The N-ICE Trial
In a world first, the N-ICE Trial will study a much needed new approach to treating crystal methamphetamine - or “ice” - dependence.
The N-ICE Trial will establish if N-Acetyl Cysteine (NAC) can reduce craving for ice and help people stop using ice.
Why NAC for ice addiction?
When someone first takes ice, they experience the seemingly desirable effects from being intoxicated with the drug. Then, as they become addicted, there are changes in the brain that cause cravings and make it hard to stop using it.
NAC targets these brain changes that underpin craving and addiction. It helps restore balance to those brain systems, and in doing this, it helps reduce the craving for ice.
Previous studies have shown that NAC can reduce cravings for various drugs, including ice, cocaine, cannabis and tobacco. This trial will find out whether NAC can help people reduce their use of ice or stop using ice altogether.
We also hope that NAC will help reduce the paranoia and mood changes people experience when they become addicted to ice. Some of these symptoms are related to the toxic effects of ice on the brain, and NAC has been found to protect the brain from this toxicity.
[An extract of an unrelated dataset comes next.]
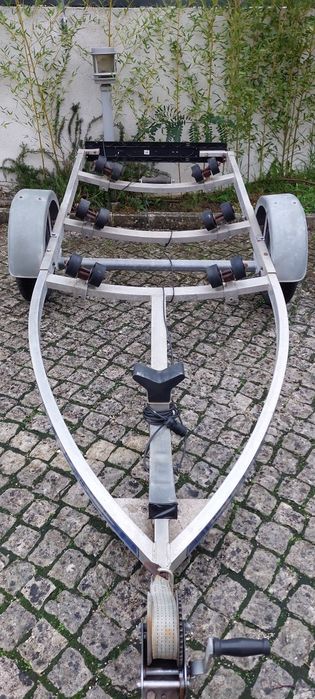 Atrelado moto água barcos Rebosov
Most importantly, we want to make sure that NAC is safe. NAC has been used safely in various other trials, and is an approved medicine for other purposes. We will be assessing whether it is safe take-home medication for people who use ice.
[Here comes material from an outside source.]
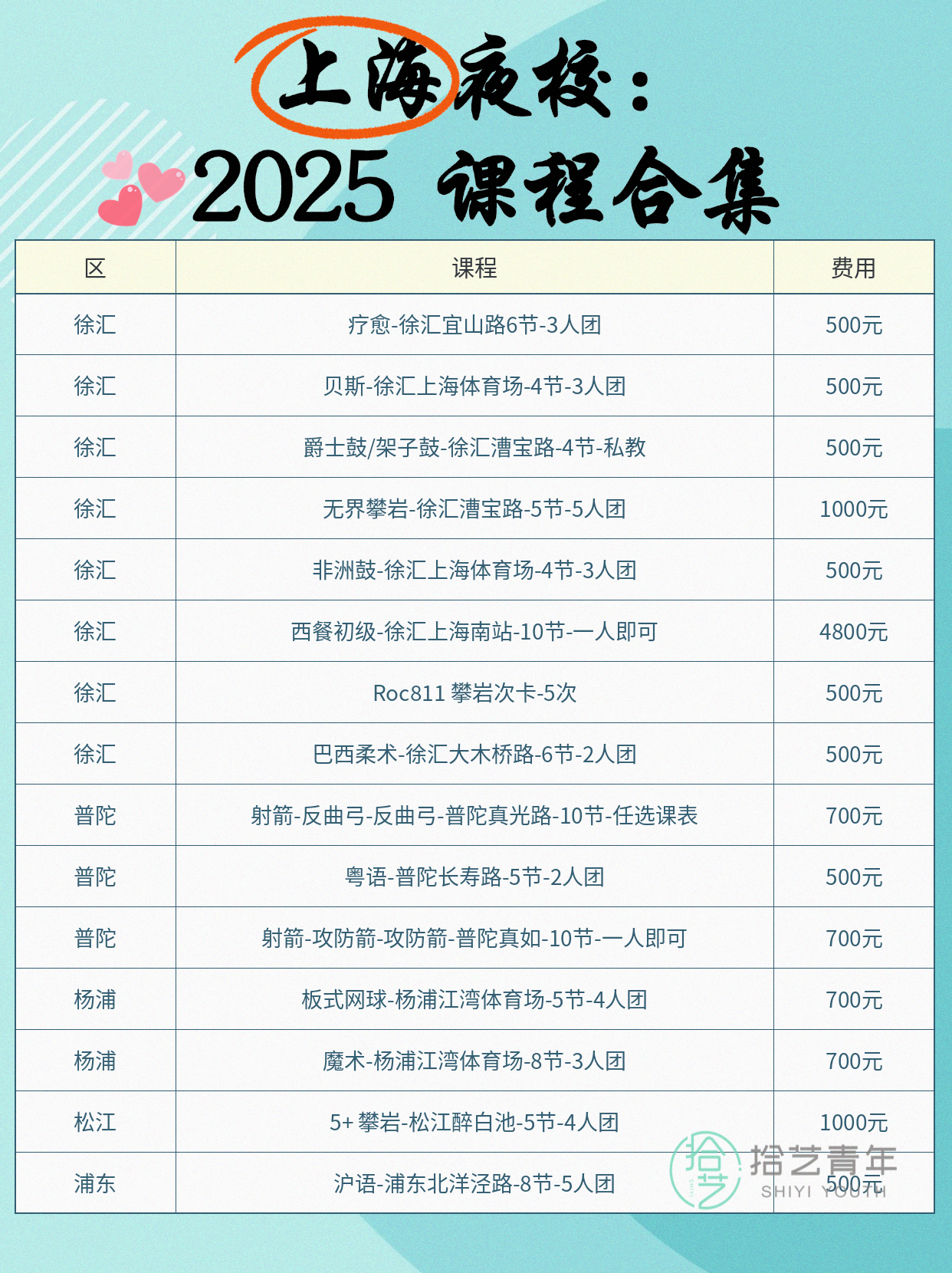 姐妹们，运动类课程看过来 - 图片5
Where is the N-ICE Trial being conducted?
The N-ICE trial is being conducted in Melbourne, Geelong and Wollongong. See below for further details on our study sites and team.
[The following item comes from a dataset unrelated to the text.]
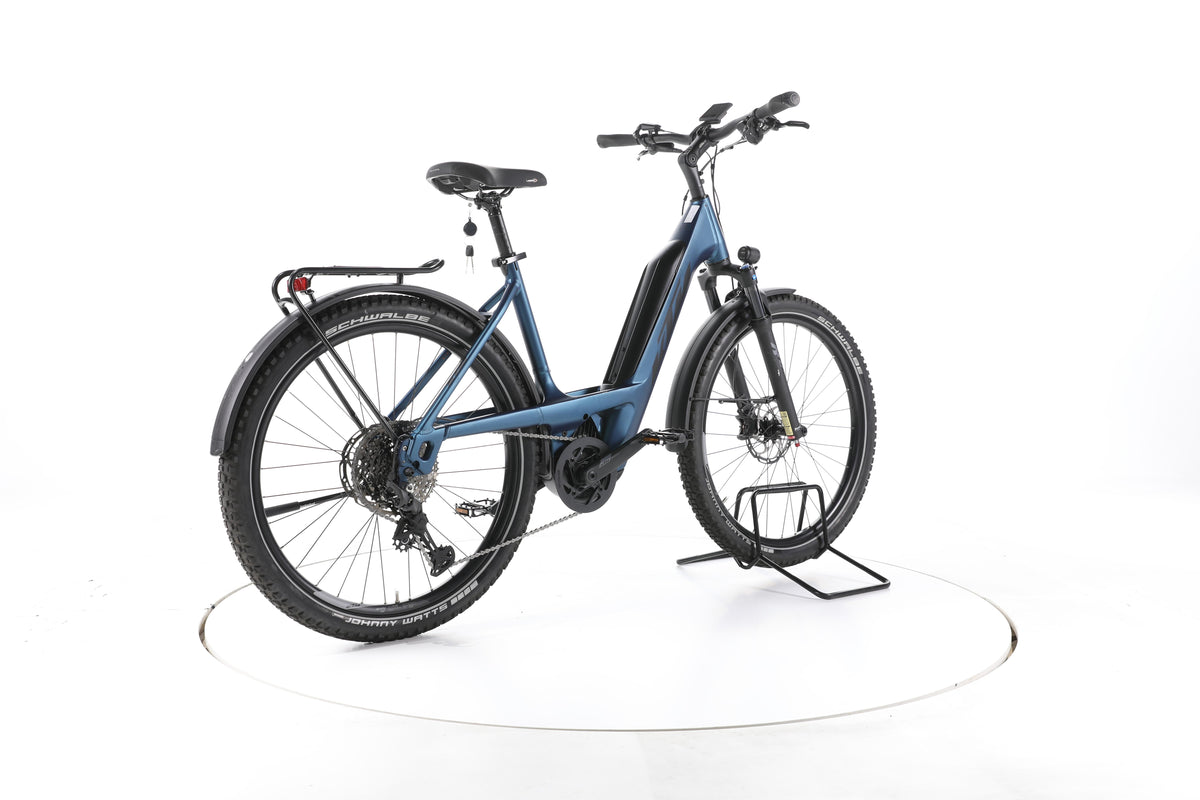 KTM Macina Aera 671 LFC Trekking E-Bike Tiefeinsteiger 2024 - Image 12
When is the trial starting?
The N-ICE trial is due to start recruiting participants from February 2018. We expect recruitment will continue until the end of 2019. This may vary depending on the trial site. Please refer to your local trial site for more specific details.
How do I enrol in the trial?
If you are interested in participating in the trial, please contact your local trial site (Melbourne, Geelong, Wollongong). They will provide you will more information and assess whether you are eligible to participate.
What does the trial involve?
The trial will involve taking two capsules of NAC morning and night for 12 weeks. During the trial there will be weekly assessments to monitor drug use and mood. All participants must undergo a comprehensive screening interview and medical assessment prior to receiving NAC. Participants must also agree to attend medical assessments during the trial as requested, and a final medical assessment within one month of completing the trial.
Does it cost anything to participate?
Participation in the trial is free.
What happens at the end of the trial?
At the end of the trial, you must have a final medical assessment. We are unable to provide NAC after the end of the trial. However, we will offer you a referral to other services that are available.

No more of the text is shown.